Translate - a PyTorch Language Library

Overview

NOTE

PyTorch Translate is now deprecated, please use fairseq instead.


Translate - a PyTorch Language Library

Translate is a library for machine translation written in PyTorch. It provides training for sequence-to-sequence models. Translate relies on fairseq, a general sequence-to-sequence library, which means that models implemented in both Translate and Fairseq can be trained. Translate also provides the ability to export some models to Caffe2 graphs via ONNX and to load and run these models from C++ for production purposes. Currently, we export components (encoder, decoder) to Caffe2 separately and beam search is implemented in C++. In the near future, we will be able to export the beam search as well. We also plan to add export support to more models.

Quickstart

If you are just interested in training/evaluating MT models, and not in exporting the models to Caffe2 via ONNX, you can install Translate for Python 3 by following these few steps:

  1. Install pytorch
  2. Install fairseq
  3. Clone this repository git clone https://github.com/pytorch/translate.git pytorch-translate && cd pytorch-translate
  4. Run python setup.py install

Provided you have CUDA installed you should be good to go.
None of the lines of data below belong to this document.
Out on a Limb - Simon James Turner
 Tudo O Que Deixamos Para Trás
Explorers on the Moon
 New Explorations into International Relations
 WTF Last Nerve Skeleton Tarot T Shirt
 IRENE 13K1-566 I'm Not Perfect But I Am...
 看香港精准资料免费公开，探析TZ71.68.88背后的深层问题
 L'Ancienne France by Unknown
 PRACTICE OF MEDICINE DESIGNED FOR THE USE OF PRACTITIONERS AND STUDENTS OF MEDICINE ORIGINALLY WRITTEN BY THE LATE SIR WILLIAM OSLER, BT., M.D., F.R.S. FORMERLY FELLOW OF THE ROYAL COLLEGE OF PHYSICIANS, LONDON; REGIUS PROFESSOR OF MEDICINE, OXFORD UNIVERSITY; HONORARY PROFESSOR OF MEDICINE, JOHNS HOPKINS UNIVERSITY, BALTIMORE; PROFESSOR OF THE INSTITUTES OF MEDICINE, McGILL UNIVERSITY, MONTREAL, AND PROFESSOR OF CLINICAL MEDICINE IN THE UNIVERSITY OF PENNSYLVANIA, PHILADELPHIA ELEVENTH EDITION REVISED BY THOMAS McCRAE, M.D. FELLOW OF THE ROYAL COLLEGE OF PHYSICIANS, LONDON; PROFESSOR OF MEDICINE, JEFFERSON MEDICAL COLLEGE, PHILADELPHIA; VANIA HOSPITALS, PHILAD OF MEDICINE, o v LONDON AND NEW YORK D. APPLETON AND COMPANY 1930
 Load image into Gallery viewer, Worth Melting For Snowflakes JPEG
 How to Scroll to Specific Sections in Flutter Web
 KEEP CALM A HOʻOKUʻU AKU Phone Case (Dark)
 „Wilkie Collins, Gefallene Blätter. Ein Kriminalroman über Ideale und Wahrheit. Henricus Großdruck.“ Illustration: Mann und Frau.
Requirements and Full Installation

Translate Requires:

  • A Linux operating system with a CUDA compatible card
  • GNU C++ compiler version 4.9.2 and above
  • A CUDA installation. We recommend CUDA 8.0 or CUDA 9.0

Use Our Docker Image:

Install Docker and nvidia-docker, then run

sudo docker pull pytorch/translate
sudo nvidia-docker run -i -t --rm pytorch/translate /bin/bash
. ~/miniconda/bin/activate
cd ~/translate

You should now be able to run the sample commands in the Usage Examples section below. You can also see the available image versions under https://hub.docker.com/r/pytorch/translate/tags/.

Install Translate from Source:

These instructions were mainly tested on Ubuntu 16.04.5 LTS (Xenial Xerus) with a Tesla M60 card and a CUDA 9 installation. We highly encourage you to report an issue if you are unable to install this project for your specific configuration.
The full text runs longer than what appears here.